Layer bacon, greens, Buck’s, & Frank’s but go really easy on the Buck’s & Frank’s because you can always add more but too much & now you’ve wasted time AND food.

Cook on low until it’s done.

Kidding (kinda). Cook for like 2-3 hours? Maybe just use the stove to be safe.


As I mention in my about page I’m not really a recipe person. However, I can make a concerted effort to put together instructions which are like a recipe. Here is that attempt for meatloaf:

2lbs ground beef (or turkey)

bread crumbs

Shredded cheese

2 eggs

1 onion

Garlic powder

Italian seasoning

Barbecue sauce

First, grab two gallon size ziplock bags. Pour a good amount of bread crumbs into each bag (enough to make meatloaf with one pound of meat). You can always add more if the consistency is wrong, so err on the side of less. Next, add a handful or so of shredded cheese to each bag. Dice the onion & split it between the bags.

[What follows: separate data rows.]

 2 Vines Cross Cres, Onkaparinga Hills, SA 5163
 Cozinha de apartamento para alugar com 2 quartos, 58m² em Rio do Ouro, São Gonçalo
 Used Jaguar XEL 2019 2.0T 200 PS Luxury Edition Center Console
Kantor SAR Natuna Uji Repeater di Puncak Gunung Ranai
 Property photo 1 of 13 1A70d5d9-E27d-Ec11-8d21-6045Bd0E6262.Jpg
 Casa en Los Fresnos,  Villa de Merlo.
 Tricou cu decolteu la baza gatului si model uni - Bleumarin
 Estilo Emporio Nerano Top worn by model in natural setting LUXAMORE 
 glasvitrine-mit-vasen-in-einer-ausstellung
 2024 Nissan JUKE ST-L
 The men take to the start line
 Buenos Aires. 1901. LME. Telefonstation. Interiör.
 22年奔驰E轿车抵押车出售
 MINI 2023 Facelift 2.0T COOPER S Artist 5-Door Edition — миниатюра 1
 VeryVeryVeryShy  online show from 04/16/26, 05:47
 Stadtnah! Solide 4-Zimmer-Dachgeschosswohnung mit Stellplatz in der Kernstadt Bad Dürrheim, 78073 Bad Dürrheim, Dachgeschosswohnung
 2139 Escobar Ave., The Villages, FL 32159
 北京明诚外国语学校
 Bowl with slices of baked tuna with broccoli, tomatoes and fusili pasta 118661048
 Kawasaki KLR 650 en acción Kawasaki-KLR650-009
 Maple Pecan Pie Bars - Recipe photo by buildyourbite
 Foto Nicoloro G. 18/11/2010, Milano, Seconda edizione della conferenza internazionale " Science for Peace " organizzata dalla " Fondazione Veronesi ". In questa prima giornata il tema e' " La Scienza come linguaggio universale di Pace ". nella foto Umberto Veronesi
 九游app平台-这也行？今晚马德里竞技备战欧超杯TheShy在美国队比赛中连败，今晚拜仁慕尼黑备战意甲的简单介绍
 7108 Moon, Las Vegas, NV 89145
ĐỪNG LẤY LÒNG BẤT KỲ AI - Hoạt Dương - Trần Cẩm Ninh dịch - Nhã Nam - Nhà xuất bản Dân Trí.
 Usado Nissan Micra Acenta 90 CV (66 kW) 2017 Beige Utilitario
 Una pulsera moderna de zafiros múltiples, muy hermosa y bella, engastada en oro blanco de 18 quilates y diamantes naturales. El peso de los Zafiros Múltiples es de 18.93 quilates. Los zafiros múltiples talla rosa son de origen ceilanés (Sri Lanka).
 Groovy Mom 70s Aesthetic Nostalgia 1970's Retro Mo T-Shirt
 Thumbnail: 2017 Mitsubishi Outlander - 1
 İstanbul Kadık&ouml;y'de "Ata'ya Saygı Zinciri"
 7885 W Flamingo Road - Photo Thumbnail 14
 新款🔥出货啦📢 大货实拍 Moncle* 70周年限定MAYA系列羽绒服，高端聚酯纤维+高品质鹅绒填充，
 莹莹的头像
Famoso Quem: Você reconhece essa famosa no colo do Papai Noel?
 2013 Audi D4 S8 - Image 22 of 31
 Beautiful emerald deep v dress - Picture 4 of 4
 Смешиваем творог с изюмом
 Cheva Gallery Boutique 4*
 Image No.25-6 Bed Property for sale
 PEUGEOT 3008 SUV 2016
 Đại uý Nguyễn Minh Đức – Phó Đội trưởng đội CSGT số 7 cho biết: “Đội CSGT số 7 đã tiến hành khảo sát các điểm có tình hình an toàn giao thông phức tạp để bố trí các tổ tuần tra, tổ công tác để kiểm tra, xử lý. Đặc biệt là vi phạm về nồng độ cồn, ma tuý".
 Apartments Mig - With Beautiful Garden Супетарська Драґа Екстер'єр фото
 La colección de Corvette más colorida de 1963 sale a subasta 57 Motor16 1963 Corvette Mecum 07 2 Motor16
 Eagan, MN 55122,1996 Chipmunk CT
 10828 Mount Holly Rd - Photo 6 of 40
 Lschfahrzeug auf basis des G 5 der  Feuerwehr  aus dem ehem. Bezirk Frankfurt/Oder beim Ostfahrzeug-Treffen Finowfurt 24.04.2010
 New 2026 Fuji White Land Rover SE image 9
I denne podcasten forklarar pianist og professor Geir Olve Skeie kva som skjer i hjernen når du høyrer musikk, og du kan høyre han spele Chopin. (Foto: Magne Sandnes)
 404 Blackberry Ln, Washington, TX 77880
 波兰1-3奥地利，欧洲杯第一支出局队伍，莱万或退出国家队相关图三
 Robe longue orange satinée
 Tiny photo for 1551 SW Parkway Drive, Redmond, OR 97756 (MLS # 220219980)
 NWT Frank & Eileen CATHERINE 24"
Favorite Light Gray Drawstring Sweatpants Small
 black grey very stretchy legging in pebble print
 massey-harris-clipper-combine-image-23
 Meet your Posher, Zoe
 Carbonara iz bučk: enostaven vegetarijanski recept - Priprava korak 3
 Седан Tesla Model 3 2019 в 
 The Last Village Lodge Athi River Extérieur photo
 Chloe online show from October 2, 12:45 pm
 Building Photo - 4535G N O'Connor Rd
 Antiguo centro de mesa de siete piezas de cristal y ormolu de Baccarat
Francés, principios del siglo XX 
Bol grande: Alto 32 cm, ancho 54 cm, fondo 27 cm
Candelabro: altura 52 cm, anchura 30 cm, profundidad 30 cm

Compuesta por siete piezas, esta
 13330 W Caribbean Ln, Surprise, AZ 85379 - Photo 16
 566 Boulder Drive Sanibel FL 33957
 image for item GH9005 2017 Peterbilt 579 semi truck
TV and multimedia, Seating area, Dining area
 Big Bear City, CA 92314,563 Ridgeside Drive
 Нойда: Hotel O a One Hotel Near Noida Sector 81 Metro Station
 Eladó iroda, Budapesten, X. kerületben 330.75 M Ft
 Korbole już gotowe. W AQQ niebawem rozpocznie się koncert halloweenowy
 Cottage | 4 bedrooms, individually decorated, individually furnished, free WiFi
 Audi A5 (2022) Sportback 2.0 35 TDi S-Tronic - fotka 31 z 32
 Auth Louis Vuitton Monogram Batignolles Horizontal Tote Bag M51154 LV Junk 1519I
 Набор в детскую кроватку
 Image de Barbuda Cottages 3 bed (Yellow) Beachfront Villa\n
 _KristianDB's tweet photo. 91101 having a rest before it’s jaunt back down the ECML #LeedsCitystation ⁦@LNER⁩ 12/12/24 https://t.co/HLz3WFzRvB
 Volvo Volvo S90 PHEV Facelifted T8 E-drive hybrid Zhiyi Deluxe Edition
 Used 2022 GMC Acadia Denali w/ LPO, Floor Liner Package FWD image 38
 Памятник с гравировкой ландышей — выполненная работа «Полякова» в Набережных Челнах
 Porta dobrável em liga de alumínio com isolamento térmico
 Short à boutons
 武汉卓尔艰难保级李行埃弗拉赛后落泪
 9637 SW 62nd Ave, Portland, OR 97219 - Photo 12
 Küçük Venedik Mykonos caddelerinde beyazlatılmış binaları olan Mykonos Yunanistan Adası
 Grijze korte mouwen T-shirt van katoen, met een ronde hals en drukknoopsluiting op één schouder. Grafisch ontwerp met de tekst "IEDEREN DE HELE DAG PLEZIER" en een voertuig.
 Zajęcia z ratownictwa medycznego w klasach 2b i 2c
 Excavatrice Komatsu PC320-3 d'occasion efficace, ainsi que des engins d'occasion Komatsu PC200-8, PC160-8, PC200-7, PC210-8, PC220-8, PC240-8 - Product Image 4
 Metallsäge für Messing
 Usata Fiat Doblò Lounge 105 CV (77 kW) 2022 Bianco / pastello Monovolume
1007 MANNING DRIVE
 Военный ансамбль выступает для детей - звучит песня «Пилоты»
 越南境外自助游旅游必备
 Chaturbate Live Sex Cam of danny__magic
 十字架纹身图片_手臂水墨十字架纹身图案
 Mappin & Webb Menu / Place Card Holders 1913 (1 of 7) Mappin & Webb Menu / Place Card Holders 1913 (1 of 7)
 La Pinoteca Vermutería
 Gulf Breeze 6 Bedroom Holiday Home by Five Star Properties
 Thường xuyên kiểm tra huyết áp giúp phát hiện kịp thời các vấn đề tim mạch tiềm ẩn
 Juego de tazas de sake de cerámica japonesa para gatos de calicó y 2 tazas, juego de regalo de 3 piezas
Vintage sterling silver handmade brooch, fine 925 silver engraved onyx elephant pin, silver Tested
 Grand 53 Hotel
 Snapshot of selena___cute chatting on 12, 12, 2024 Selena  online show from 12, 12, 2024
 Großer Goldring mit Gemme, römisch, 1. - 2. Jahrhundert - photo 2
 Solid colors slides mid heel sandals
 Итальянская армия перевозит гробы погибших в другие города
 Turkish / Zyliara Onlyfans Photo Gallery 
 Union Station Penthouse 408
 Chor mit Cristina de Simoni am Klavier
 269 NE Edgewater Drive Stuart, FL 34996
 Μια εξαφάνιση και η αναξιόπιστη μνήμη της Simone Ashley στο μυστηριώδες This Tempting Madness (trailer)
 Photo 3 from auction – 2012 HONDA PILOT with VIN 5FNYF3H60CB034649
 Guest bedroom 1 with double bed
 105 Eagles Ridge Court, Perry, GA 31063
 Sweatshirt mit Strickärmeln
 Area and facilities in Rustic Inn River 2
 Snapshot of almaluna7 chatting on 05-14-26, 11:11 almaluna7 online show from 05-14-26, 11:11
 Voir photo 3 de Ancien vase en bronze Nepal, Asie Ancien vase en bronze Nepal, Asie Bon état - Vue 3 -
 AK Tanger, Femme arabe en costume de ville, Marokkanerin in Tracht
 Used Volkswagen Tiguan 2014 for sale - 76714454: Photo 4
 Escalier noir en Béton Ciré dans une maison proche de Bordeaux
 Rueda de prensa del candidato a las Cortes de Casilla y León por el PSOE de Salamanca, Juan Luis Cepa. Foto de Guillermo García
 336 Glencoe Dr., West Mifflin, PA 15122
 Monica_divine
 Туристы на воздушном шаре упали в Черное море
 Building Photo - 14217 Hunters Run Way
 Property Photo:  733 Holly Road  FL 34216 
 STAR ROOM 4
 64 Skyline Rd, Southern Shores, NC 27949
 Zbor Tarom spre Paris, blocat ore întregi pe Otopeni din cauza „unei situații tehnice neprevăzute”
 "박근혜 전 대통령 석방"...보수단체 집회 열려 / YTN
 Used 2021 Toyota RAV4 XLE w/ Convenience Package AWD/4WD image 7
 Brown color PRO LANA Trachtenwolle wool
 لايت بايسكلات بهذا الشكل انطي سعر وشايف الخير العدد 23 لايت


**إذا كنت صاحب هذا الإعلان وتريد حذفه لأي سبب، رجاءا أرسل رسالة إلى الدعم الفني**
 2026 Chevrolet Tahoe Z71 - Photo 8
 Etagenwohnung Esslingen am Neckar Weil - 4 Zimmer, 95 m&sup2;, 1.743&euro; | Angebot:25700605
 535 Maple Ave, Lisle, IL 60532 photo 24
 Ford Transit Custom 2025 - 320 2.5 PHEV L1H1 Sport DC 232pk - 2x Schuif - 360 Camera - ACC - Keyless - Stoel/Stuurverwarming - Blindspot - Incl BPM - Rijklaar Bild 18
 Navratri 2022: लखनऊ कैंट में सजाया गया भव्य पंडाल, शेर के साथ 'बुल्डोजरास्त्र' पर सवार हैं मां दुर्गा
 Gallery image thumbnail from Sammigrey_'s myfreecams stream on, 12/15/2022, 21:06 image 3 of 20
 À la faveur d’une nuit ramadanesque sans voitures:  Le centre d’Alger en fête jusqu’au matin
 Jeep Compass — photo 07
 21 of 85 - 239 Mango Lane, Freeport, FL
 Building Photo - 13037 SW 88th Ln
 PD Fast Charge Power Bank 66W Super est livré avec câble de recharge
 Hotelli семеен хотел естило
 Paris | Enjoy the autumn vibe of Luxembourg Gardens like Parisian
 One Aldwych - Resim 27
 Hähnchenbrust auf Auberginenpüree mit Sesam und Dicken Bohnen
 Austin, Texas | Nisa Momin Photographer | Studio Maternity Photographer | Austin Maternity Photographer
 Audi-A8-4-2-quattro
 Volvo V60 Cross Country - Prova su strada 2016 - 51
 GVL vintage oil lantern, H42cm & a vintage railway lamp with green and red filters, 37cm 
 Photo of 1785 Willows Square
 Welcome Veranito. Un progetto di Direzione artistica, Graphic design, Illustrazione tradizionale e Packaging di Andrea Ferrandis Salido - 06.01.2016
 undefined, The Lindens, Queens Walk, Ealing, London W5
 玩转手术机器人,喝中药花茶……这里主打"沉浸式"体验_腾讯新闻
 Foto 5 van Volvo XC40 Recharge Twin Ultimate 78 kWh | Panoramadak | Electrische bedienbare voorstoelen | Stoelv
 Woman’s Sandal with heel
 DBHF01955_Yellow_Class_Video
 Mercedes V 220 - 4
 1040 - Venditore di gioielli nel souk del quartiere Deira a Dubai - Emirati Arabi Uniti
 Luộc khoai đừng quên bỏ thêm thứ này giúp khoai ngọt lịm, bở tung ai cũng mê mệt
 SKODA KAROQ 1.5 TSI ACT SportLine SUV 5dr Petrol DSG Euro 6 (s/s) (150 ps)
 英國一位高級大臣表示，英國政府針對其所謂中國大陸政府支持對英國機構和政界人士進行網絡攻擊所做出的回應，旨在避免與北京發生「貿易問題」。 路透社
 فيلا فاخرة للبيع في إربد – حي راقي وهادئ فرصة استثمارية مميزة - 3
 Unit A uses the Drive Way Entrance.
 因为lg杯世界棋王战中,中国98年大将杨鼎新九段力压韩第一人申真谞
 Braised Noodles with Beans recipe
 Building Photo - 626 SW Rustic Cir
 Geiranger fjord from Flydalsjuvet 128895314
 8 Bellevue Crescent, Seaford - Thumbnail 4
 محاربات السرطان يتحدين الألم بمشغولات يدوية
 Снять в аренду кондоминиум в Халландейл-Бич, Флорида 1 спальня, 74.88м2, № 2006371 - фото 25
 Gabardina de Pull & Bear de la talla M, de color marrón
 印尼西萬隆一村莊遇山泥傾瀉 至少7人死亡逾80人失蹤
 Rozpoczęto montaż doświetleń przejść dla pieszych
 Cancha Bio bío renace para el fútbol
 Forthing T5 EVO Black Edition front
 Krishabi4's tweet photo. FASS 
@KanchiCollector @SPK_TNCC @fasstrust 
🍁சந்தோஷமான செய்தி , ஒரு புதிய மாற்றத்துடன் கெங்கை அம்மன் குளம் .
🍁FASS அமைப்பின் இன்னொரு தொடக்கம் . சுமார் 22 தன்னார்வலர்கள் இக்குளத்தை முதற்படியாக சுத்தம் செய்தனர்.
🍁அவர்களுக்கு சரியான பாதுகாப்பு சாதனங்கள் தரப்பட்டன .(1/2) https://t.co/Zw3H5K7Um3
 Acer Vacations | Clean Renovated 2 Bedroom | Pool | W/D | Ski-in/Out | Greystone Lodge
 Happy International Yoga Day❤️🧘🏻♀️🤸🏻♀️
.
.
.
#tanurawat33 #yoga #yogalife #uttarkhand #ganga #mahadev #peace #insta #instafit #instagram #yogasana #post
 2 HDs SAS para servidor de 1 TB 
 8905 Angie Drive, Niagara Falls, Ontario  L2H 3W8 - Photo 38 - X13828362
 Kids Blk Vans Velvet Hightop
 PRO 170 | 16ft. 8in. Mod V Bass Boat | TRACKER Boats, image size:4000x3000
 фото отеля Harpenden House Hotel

Divide the 2lbs of meat in half & put one half in each bag. Crack an egg I to each bag, and add the garlic powder, seasonings, maybe some salt.


Now press as much air out of each bag as you can & deal it shut.

Mix the meatloaf together by kneading it while it’s in the bag. This is a trick I figured out after too many child-related disasters while elbow deep in raw meat. Mix it together as much & as well as you can.


Now, write the date & “meatloaf” on one bag & put it in the freezer.

You’re welcome.

Put the second meatloaf mix in a greased pan, cover with a little barbecue sauce, & throw foil over it before sticking it in the fridge for later.


When it’s time to cook it, bake at 375 (ish) for 45mins to an hour. Poke it with a meat thermometer to be sure it’s safe. The internet says the safe internal temp for ground beef is 160, while turkey is 165. That seems arbitrary to me, but I don’t science.


Alternatively, you could use a crock pot liner instead of a ziplock bag, then when it’s time to cook, put it in the crock pot on low for, idk, let’s say 5-6 hours. High for 4. Use a meat thermometer to be sure.